The mere mention of a fund of this size clearly shows how impracticable a regular reserve plan would be. The fund would present insuperable problems of management and investment entirely apart from the practical problem of protecting a reserve of such huge dimensions from diversion into other channels under the pressure of emergency.
On the general subject of reserve funds built up by the federal government, it is essential to keep in mind that the payment of the interest upon such funds rests in the final analysis upon the taxing power of government. Therefore, the financial stability of the annuity plan and the security of the promises made to the participants, rests upon the guarantee of the federal government to undertake to carry as much of the load as is not carried by the contributions of the prospective annuitants and their employers. In the development of the plan, the obligation of the government to protect the rights of the contributors should be regarded as a contractual, irrevocable obligation.
From what has been said, it is apparent that no matter how the plan is handled, there is no practicable way of avoiding eventually placing a heavy burden upon future generations in meeting the obligations to those who will make up the aged population of the future. This does not mean that these obligations should not be incurred. It does mean, however, that we should clearly understand the nature of our undertaking.
It should be pointed out that the elaborate calculations upon which a report of this kind rests assumes a relatively stable level of prices over the years, thus emphasizing the importance of general economic conditions in the satisfactory functioning of long range plans of the kind proposed. This does not imply that changes in price level will not occur, but that they cannot be forecast.

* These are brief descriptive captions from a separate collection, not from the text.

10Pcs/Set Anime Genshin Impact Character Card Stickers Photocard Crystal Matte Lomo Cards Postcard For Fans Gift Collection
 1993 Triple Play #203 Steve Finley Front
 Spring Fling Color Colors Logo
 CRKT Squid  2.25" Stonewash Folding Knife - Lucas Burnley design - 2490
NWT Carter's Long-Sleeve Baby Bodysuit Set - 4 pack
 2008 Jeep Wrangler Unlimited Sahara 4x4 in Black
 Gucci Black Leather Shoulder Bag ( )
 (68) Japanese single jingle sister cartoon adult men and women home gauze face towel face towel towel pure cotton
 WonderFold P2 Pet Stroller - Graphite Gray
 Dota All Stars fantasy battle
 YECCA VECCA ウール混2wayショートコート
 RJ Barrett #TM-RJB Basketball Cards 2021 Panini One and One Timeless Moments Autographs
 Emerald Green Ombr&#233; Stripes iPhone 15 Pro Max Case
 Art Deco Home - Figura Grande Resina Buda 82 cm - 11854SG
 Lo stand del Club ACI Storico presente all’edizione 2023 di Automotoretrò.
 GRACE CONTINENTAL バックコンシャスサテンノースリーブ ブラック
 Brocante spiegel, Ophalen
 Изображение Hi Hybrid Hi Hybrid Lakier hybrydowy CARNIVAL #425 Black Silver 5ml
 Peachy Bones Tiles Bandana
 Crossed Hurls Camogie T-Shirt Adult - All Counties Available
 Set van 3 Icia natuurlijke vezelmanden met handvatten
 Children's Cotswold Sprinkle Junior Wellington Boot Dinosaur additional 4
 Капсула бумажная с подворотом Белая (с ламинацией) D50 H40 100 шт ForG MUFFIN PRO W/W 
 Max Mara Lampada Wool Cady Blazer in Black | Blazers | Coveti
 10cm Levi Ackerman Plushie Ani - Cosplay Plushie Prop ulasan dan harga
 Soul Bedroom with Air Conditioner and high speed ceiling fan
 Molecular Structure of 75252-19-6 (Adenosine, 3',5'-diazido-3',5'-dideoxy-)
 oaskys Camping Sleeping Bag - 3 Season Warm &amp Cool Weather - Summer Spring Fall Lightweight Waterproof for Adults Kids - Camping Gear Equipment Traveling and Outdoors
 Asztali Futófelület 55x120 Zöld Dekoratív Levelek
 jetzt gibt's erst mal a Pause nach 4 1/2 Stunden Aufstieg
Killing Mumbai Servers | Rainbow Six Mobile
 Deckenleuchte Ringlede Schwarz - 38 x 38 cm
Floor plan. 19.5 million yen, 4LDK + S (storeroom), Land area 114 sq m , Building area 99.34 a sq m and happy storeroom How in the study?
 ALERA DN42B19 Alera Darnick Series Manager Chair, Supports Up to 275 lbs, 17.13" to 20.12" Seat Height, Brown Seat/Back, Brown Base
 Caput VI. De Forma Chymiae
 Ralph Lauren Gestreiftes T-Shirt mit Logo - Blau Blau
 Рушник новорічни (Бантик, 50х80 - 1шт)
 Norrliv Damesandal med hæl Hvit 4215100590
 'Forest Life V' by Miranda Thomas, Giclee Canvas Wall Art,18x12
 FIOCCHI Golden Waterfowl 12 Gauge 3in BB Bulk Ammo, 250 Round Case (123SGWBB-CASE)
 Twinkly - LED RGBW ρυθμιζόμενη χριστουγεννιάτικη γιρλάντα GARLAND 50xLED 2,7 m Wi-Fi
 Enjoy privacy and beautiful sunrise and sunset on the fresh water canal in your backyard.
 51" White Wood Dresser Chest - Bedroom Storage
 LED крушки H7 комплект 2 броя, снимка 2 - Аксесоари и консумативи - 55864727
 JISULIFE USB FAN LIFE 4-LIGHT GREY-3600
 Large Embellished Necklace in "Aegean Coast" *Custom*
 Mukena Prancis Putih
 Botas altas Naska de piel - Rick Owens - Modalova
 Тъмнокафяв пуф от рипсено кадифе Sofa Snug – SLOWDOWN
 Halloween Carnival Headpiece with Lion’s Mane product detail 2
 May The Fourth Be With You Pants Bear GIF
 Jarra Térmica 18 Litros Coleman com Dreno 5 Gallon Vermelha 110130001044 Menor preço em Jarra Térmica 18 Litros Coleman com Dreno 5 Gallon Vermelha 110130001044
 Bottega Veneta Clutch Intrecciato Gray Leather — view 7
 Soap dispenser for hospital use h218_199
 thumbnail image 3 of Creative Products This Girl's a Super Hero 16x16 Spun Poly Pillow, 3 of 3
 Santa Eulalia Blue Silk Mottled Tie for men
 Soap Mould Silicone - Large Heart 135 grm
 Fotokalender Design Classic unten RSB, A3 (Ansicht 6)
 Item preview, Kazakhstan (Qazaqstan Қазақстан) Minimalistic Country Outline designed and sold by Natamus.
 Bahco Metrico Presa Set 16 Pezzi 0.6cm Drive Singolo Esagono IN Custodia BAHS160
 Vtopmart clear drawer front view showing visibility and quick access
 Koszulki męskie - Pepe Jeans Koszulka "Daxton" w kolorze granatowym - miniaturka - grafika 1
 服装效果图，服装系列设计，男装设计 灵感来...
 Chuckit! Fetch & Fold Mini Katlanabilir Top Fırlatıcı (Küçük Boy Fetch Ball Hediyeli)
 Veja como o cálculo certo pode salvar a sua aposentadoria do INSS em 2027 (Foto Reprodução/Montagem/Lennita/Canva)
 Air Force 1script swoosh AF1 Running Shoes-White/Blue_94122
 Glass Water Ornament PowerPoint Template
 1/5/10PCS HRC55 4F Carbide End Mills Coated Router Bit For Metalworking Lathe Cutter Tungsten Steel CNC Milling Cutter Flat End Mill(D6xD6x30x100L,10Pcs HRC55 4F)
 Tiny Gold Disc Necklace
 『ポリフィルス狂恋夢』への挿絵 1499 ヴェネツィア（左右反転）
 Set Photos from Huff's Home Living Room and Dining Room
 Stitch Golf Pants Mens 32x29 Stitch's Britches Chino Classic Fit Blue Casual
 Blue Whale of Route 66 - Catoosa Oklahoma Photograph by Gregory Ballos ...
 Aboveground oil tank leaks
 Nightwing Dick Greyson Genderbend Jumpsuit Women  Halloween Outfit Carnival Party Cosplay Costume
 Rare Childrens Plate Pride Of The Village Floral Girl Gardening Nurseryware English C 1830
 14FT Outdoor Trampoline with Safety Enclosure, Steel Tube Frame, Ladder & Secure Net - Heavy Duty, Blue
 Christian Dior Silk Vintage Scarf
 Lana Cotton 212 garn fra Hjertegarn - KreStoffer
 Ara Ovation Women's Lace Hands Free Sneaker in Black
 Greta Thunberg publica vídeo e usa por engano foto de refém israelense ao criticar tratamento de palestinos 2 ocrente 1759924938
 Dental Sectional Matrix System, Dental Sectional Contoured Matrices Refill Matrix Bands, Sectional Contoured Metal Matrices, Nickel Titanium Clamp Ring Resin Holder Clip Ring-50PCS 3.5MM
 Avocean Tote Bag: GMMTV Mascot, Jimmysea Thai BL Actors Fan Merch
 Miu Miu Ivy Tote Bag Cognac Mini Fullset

Pages 19 and 20.In connection with the voluntary old age annuities, we believe that in emphasizing the self-supporting features of the system, there should be a recommendation that periodically actuarial examinations should be made of the fund, and the rates for new entrants revised in accordance with experience.
Also that provision should be made for the charging to the voluntary annuity of all expenses that might be incurred by any branch of the government service in connection with the operation of the plan.
Page 20. We would suggest the following revision of paragraph 4:
The plan should be aimed primarily at the provision for old age income, and this objective should be recognized by issuing only annuity contracts without cash and loan values. Provision could also be made, if desired, for a return of premiums in the event of death prior to retirement.
ADDENDUM TO COMMENTS OF THE ACTUARIAL COMMITTEE ON THE RECOMMENDATIONS FOR OLD AGE SECURITY
Following the vote of the Executive Committee of the Technical Board to keep separate the financing of the Contributory Old Age Annuity Plan from the Old Age Pension Plan, it is recommended that the progress of the reserve funds of the annuity plan, (page 14 of the report) be shown without a federal subsidy until the reserve becomes exhausted.
It is recommended further that paragraph 4 of page 7 of the report, in regard to the borrowing of annuity reserve funds for subsidies to old age pension plans, be amplified by the inclusion of a schedule showing the extent to which government would increase its indebtedness if it proceeded to borrow, up to the full amount available in the reserve at any time, the amounts required for subsidies to old age pension plans.
It is desired to revise the comments with reference to page 6 of the report as follows:
In connection with the conditions necessary for eligibility to a pension, we believe that account should be taken of change of residence from state to state as it is bound to be met in practice. When this occurs, the plan should provide that the individual will neither gain nor lose by the transfer.